### Records supplied

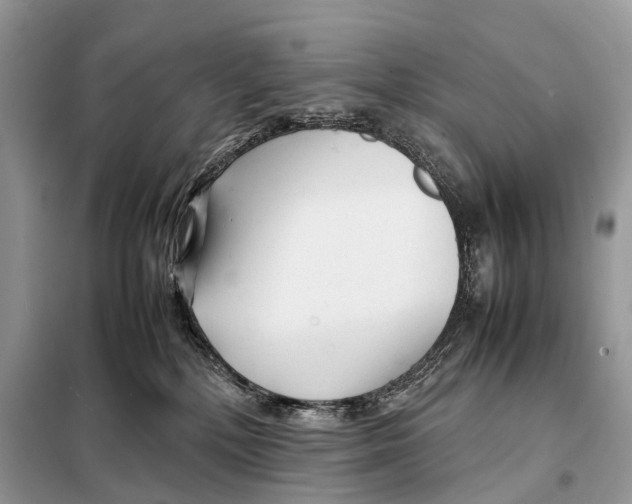 X0000098120232200805021204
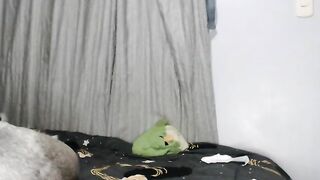 baby_sexy07 Webcam Porn Video Record [Stripchat] - doggy-style, fingering-latin, couples, cheap-privates, cumshot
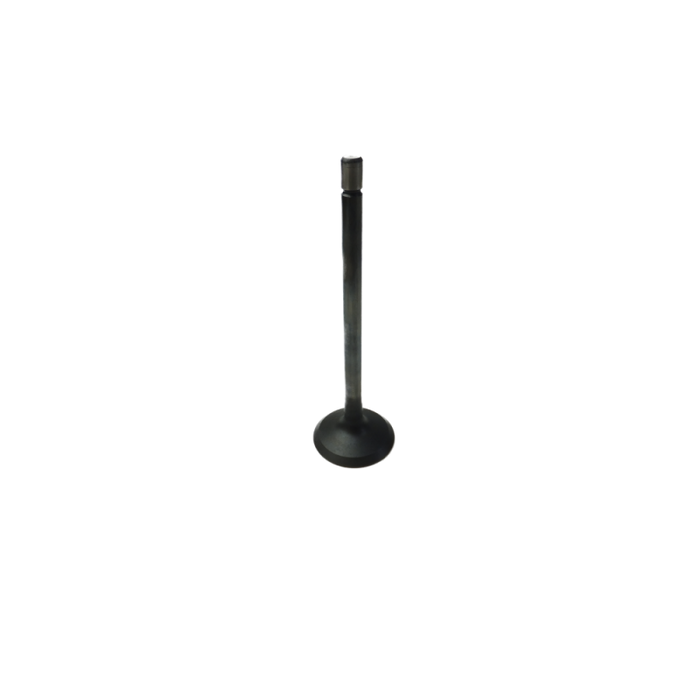 GM V6 Alloytec Exhaust Valve (LLT,LY7)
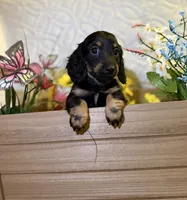 Maycee , a female Miniature Dachshund for sale in Leesburg, FL – 5 of 6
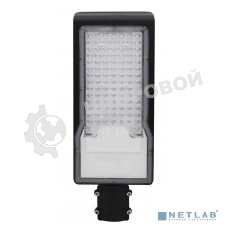 Светильник светодиодный консольный Rexant ДКУ 02-100-5000К-Ш асимметричный IP65 черный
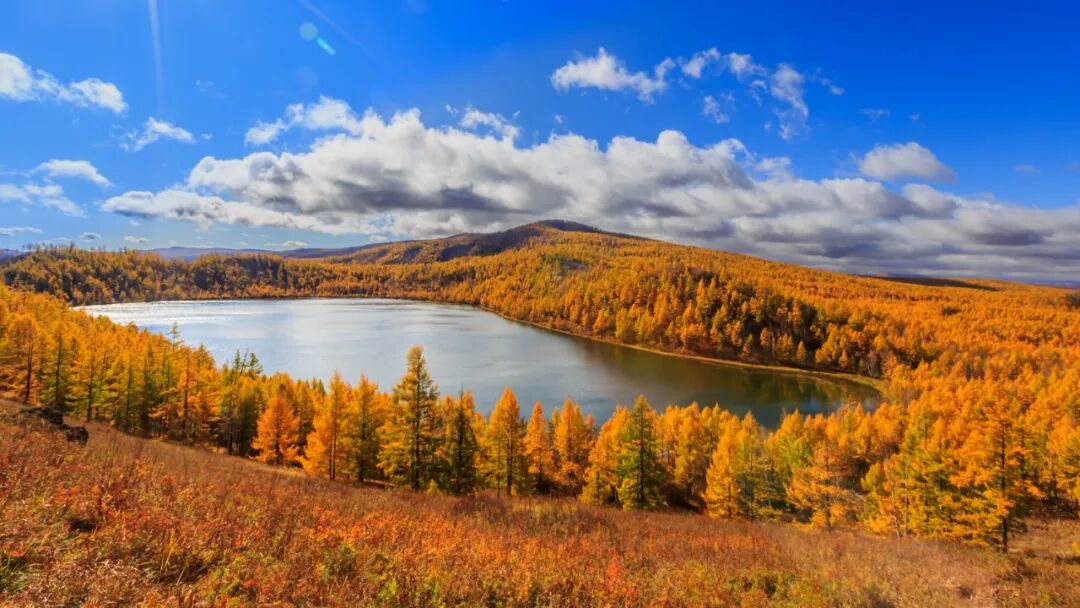 selinam75739703's tweet photo. 童话森林—阿尔山  #Amazingchina https://t.co/mVYT3Lax6C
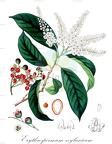 Erythrospermum zeylanicum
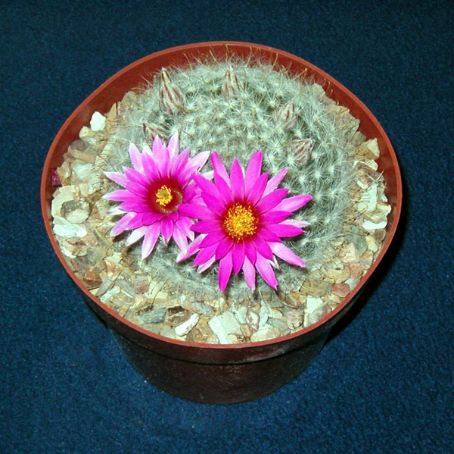 mammillaria 5 - mammillaria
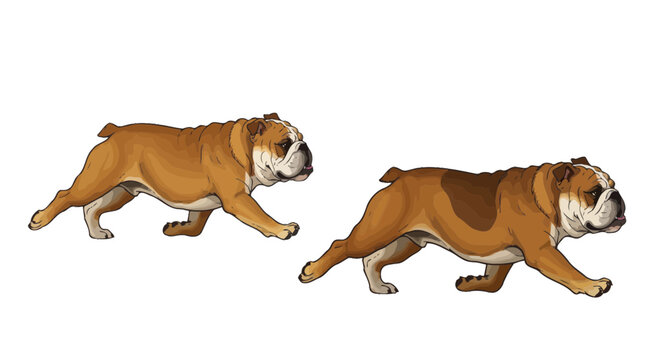 Two English Bulldogs running side by side, isolated on white background, playful motion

### The task
From first line to last, return the records verbatim without their pictures.

### Exercise output
 X0000098120232200805021204
 baby_sexy07 Webcam Porn Video Record [Stripchat] - doggy-style, fingering-latin, couples, cheap-privates, cumshot
 GM V6 Alloytec Exhaust Valve (LLT,LY7)
 Maycee , a female Miniature Dachshund for sale in Leesburg, FL – 5 of 6
 Светильник светодиодный консольный Rexant ДКУ 02-100-5000К-Ш асимметричный IP65 черный
 selinam75739703's tweet photo. 童话森林—阿尔山  #Amazingchina https://t.co/mVYT3Lax6C
 Erythrospermum zeylanicum
 mammillaria 5 - mammillaria
 Two English Bulldogs running side by side, isolated on white background, playful motion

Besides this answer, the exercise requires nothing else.